- Work item: In the entries that follow, find the line containing "運転席からもスイッチ1つでリヤドアを開閉する事ができます。" and the line containing "porto olandese vlissingen", then copy exactly everything from the first through the second except the pictures.

- Data to examine:

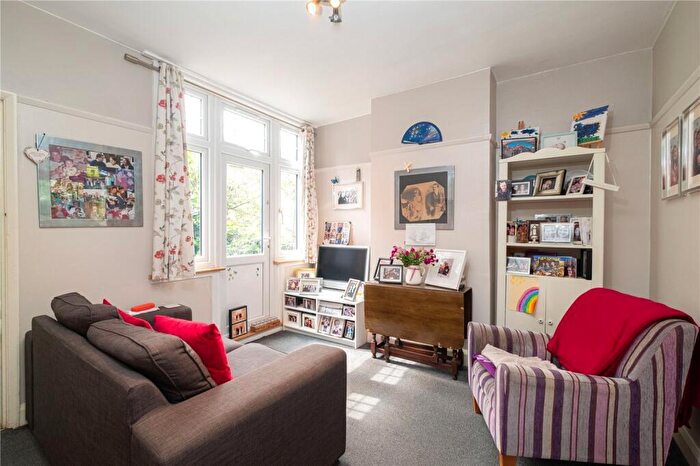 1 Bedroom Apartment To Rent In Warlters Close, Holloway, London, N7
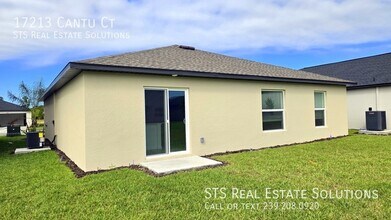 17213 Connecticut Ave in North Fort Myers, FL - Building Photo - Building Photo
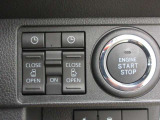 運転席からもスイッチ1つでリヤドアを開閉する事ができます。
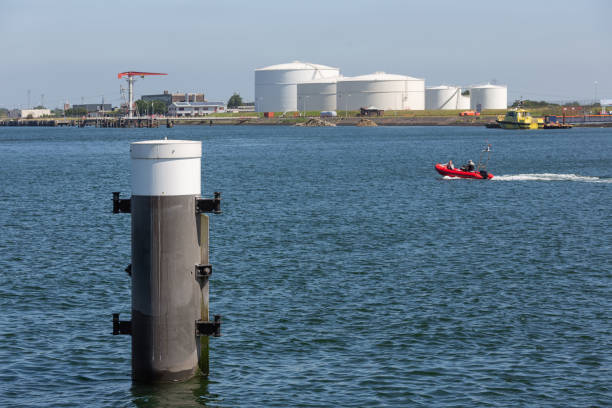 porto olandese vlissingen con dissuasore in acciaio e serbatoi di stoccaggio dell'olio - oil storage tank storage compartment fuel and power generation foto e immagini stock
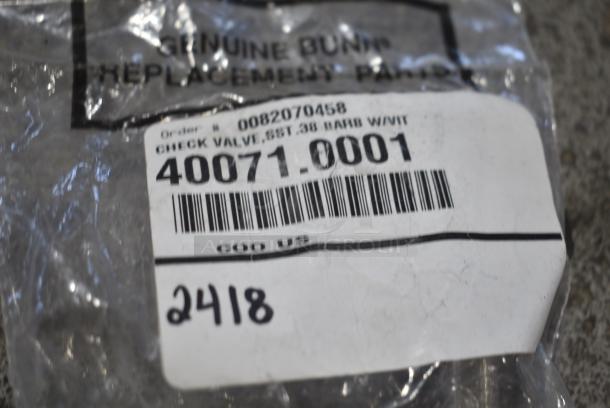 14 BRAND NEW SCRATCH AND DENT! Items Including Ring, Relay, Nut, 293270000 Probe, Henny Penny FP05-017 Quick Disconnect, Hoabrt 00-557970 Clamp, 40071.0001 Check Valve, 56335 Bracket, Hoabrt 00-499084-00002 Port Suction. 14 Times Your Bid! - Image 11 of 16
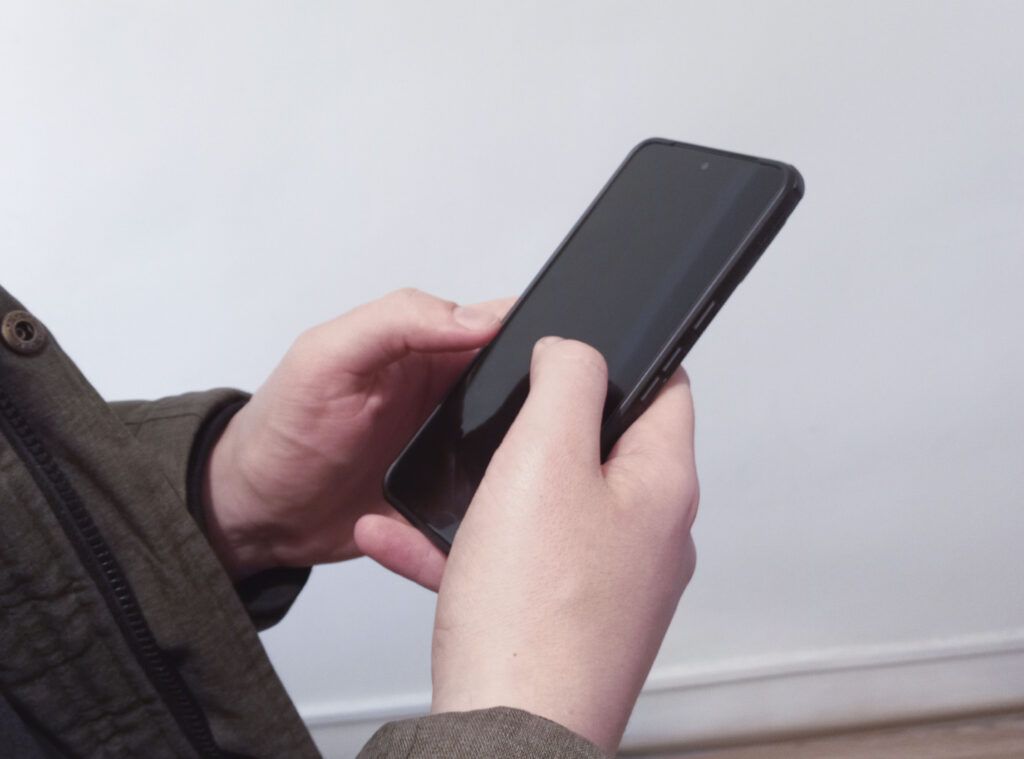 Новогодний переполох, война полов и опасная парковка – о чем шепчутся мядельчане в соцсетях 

...

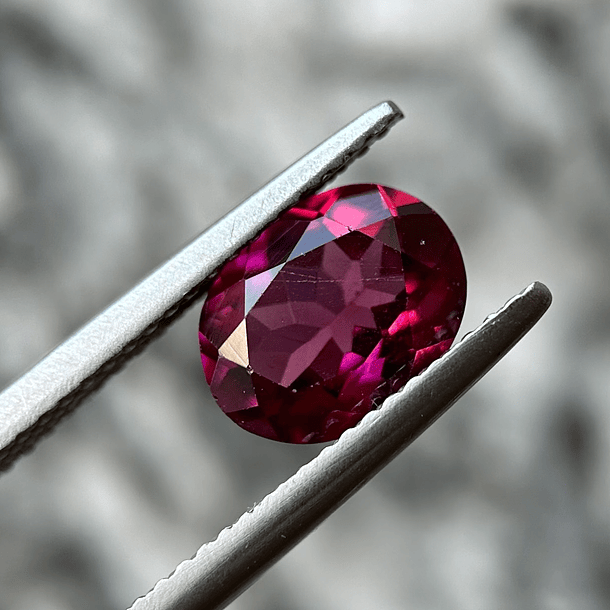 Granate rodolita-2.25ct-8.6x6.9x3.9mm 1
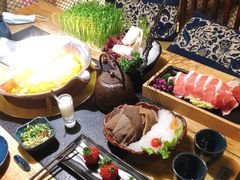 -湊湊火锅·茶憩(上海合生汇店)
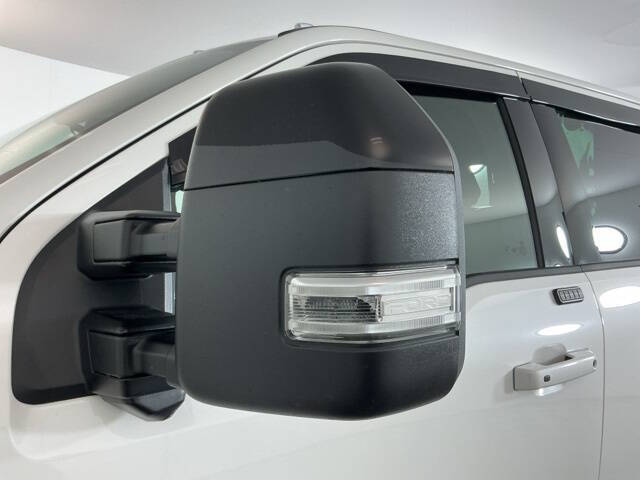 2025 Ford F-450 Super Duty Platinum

---

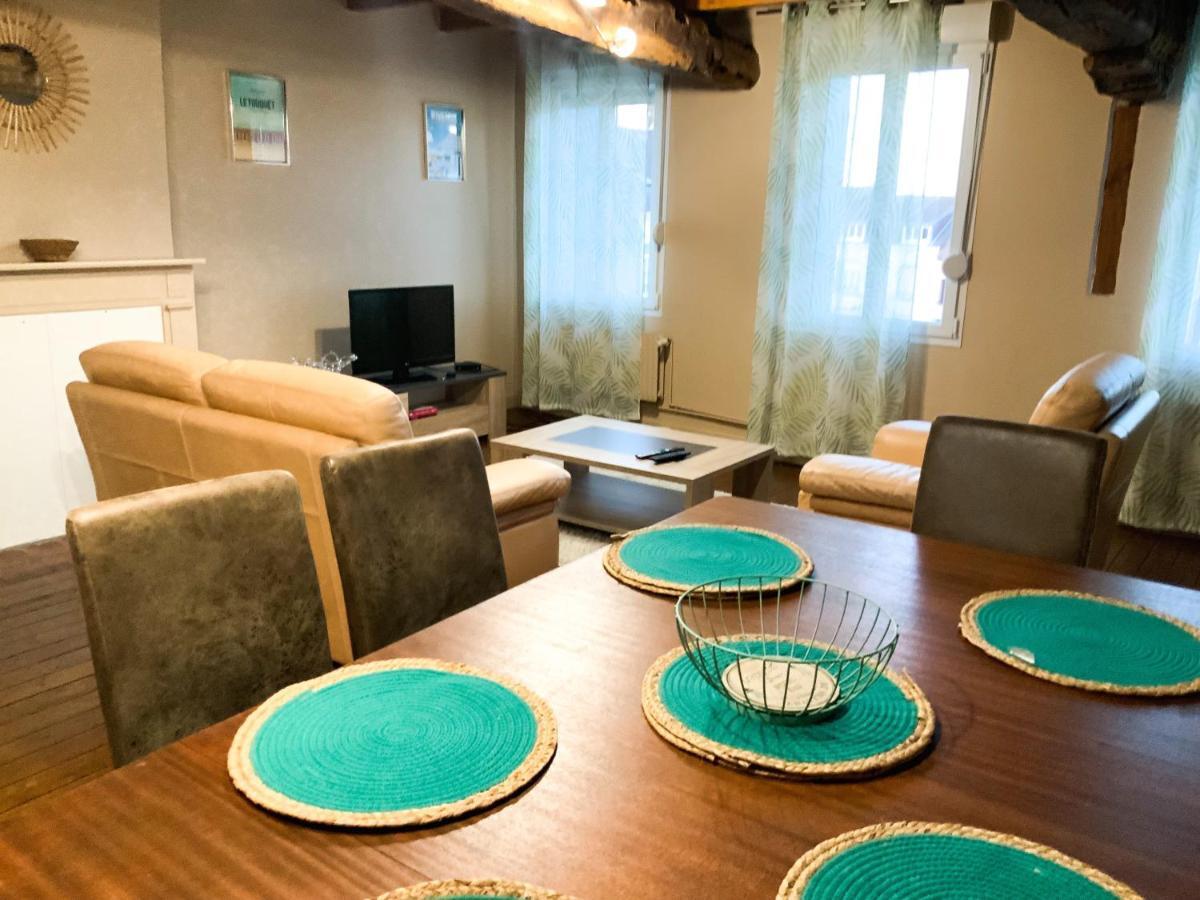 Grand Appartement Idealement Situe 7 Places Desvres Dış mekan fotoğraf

- Expected answer:
 運転席からもスイッチ1つでリヤドアを開閉する事ができます。
 porto olandese vlissingen con dissuasore in acciaio e serbatoi di stoccaggio dell'olio - oil storage tank storage compartment fuel and power generation foto e immagini stock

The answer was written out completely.